**Required action:** Give again, exactly as written, each line of the material below starting at the line that contains "Charming home featuring" and ending at the line that contains "A kitchen in". Both ends count, and no other line does.

(Supplied data begins)

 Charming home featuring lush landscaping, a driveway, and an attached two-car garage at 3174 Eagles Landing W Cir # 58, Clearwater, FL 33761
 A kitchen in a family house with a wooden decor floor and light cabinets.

(Supplied data ends)
(Supplied data begins)

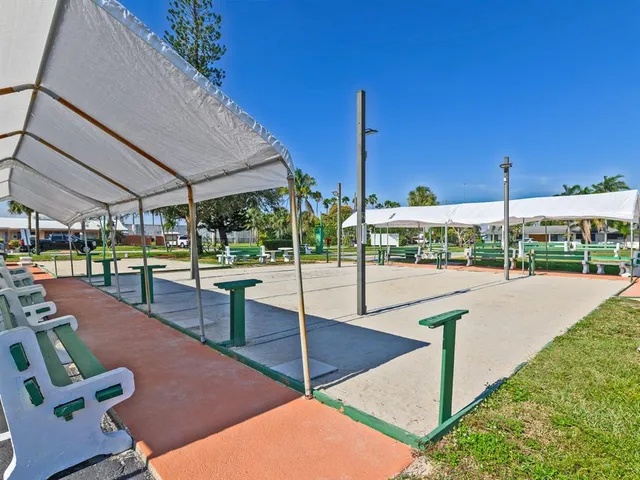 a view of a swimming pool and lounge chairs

(Supplied data ends)

**Answer section:**
 Charming home featuring lush landscaping, a driveway, and an attached two-car garage at 3174 Eagles Landing W Cir # 58, Clearwater, FL 33761
 A kitchen in a family house with a wooden decor floor and light cabinets.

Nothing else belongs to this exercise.